Hutchins: I’m really not. I have ceased all criminal activity involving

Chartier: Yeah, but you still have access and information about these guys.

Hutchins: What do you mean? Like, give me a name and I’ll tell you what I know about that.

Chartier: All right, why don’t you start out with this list of nics.

As a result of that sloppiness, the government had just thrown a bunch of crimes — CFAA and wiretapping — into the indictment, with the assumption that it’d be enough to turn the guy who stopped WannaCry into the US government’s latest informant.

While there are no guarantees in criminal cases, I think the defense’s arguments that the government had no proof Hutchins intended to damage the requisite 10 computers in Wisconsin, nor that he had intended to install a device to wiretap, were sound. Indeed, this superseding indictment is largely tacit admission that those arguments may well succeed and blow their original case up. Moreover, I suspect there is and will remain (until this thing goes to trial, if it does) a dispute about how much code someone has to contribute to a piece of malware to be considered its author.

But as I said, now that the government is facing going to trial with their informant, Randy, fully exposed, they’ve turned that into a way to revamp the alleged crimes against Hutchins such that they might be sustainable. That’s because — as I pointed out here — while VinnyK is accused of selling malware, Randy has already told the FBI that he used it, and used it to engage in financial crimes.

  • VinnyK (Individual A), a guy who sold a UPAS kit on July 3, 2012, days after Hutchins turned 18, and then on June 11, 2015, sold Kronos, a piece of malware with no known US victims.

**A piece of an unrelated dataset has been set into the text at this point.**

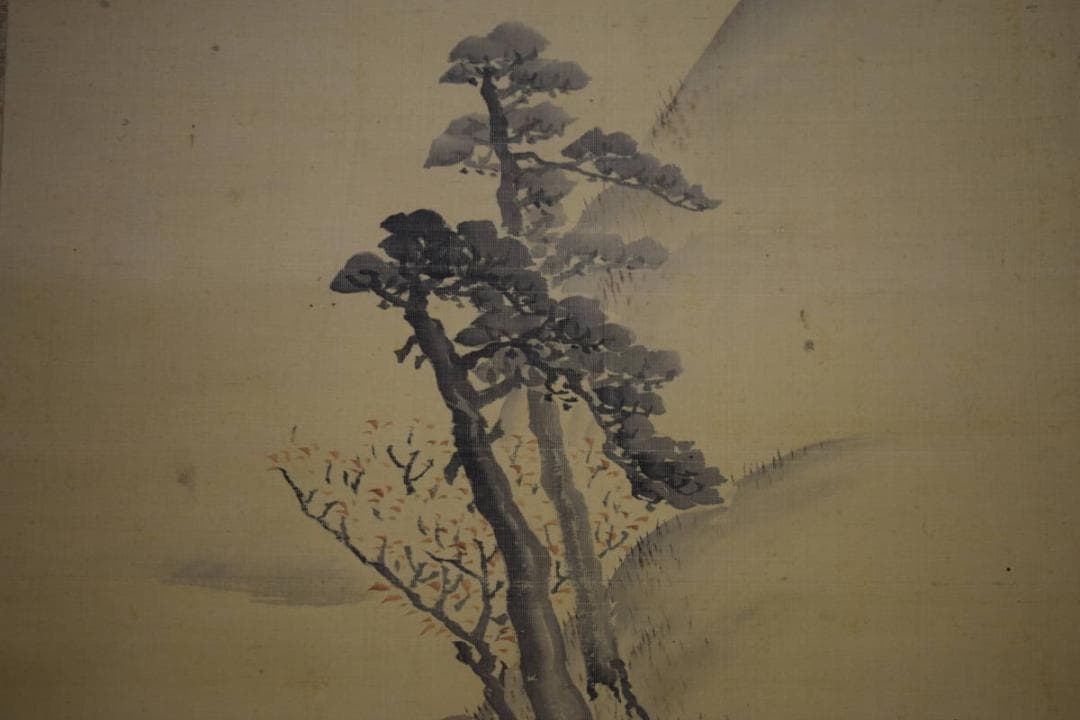 真作/松村呉春/松櫻小径/松桜/山水図/絹表装/布袋屋掛軸HI-313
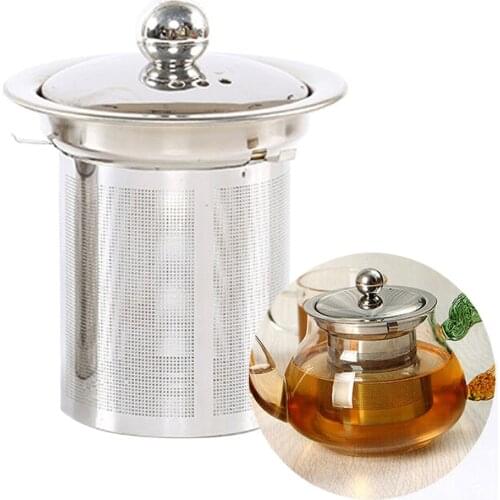 Tea Infuser with Lid Stainless Steel Teapot Kettle Loose Leaf Fine Mesh Strainer Tea Filter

Altogether VinnyK made $3,500 for the two sales of malware alleged in this indictment. When this whole thing started, the government charged Hutchins mostly if not entirely to coerce him to provide information on VinnyK (information which he said in a chat in the government’s possession he doesn’t have). He’s the guy they’re supposed to be after, but now they’re after Hutchins exclusively.
  • “Randy” (Individual B), an actual criminal “involved in the various cyber-based criminal enterprises including the unauthorized access of point-of-sale systems and the unauthorized access of ATMs.” At some point, in an attempt to limit or avoid his own criminal exposure, Randy implicated Hutchins.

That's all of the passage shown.